In amending existing NOx emission limits to meet the International Civil Aviation Organization equivalent, the EPA actually brought US standards into international alignment.

But the associations question whether the EPA's final emissions standards for NOx fail to promote public health adequately, claiming that they do nothing to reduce aircraft emissions because nearly all currently certificated or in-production engine models already meet or perform better than the ICAO standards, and that manufacturers already adhere to ICAO test procedures.

"The history of Clean Air Act implementation is a testament to the fact that technological innovation follows, rather than precedes, the adoption of stringent emission-control requirements," said STAPPA in a 2003 consultation.

To achieve the necessary emissions reductions from aircraft engines to eventually reverse the trend of increasing NOx emissions, STAPPA said EPA must establish standards that promote and accelerate technological innovation.

The associations also argue that the EPA placed undue emphasis on speculative safety concerns. They also accuse it of not including a production cut-off date for already certificated, newly manufactured aircraft engines of issuing a "near-term rule" without establishing a timeline for follow-up rulemaking and of acting "arbitrarily and capriciously" by creating delays that, ultimately, prevented the adoption of more stringent standards.

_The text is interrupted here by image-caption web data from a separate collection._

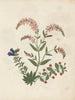 W Album de fleurs en papier découpé pl. 16 - Ellen W. — vy av konstverket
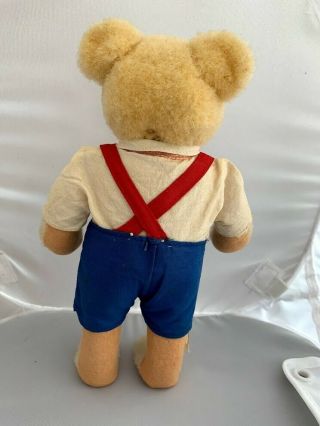 Rare 1950 ' s Vintage_ antique Steiff Germany dressed TEDDYLI Boy Teddy Bear 4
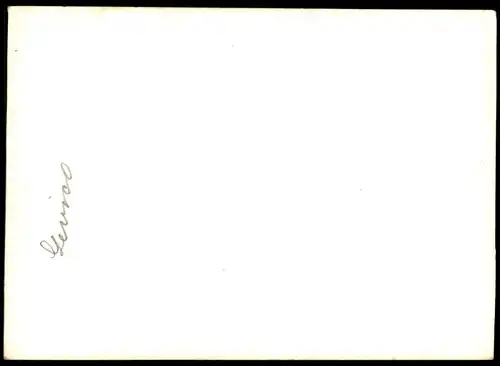 ALTE KARTE LEVICO TERME SEE Gewässer Löweneck Trento Trentino Südtirol Italien Italia italy Ansichtskarte cpa postcard
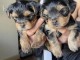 Chiots York mâle a donner 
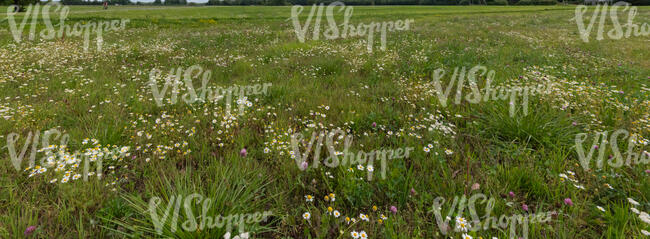 wild meadow with flowers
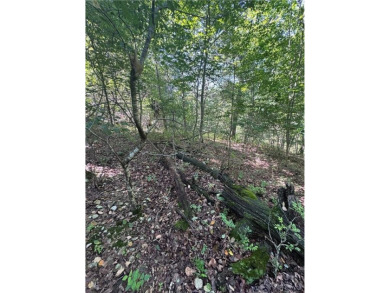 Lake Lot For Sale in Bella Vista, Arkansas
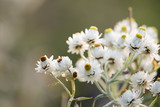 Fototapeta Kwiaty - White blossoms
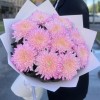 11 розовых хризантем Минка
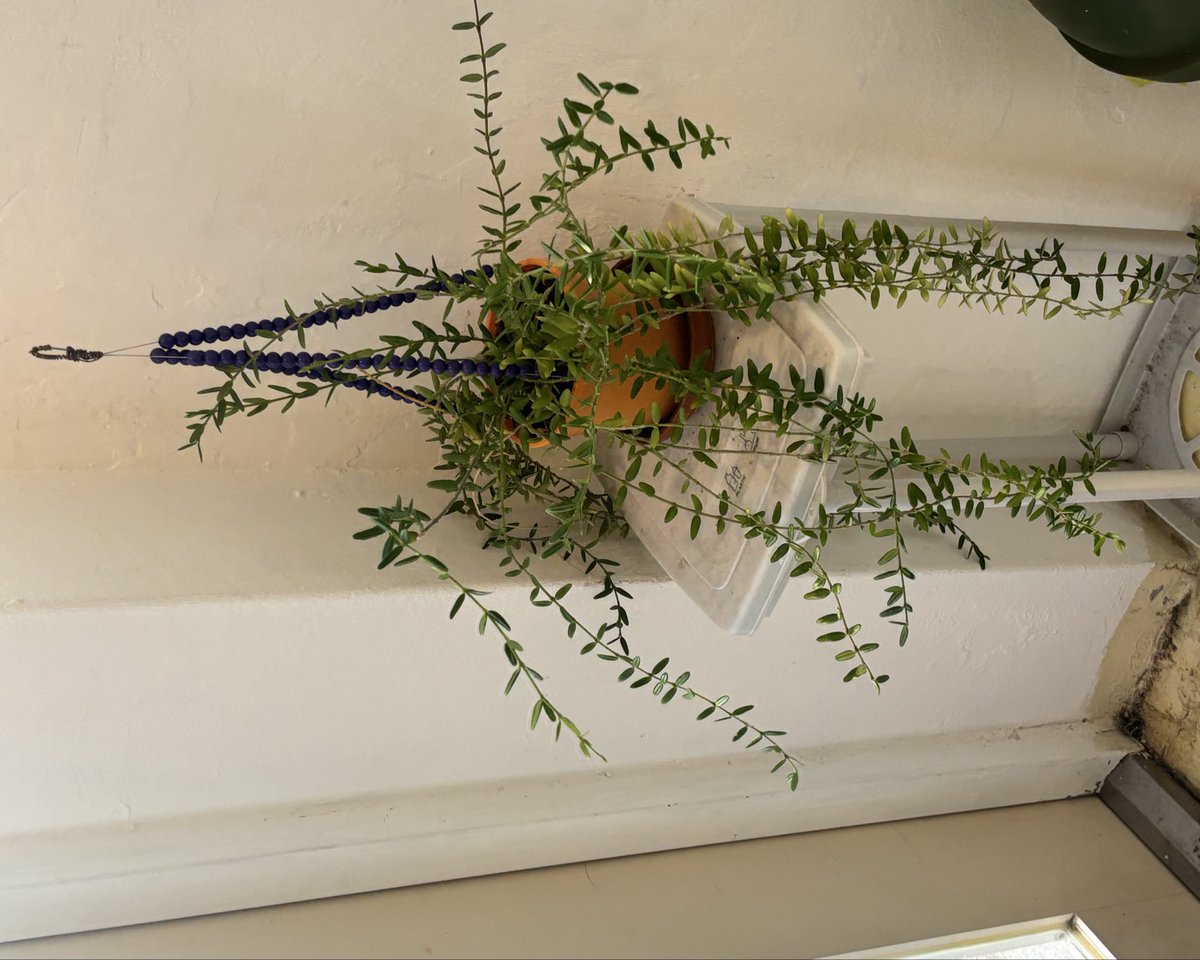 binzipi's tweet image. 대전 귀엽다•••!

In a late September submission, the EPA vigorously defended its actions, claiming the aircraft engines emission rule and its timing is consistent with its duties as the body regulating aircraft engine emissions, that its decision not to include a production cut-off is neither arbitrary or capricious and that its move to adopt a near-term standard without establishing a schedule for subsequent rulemaking was "reasonable". STAPPA is expected to respond to the EPA brief.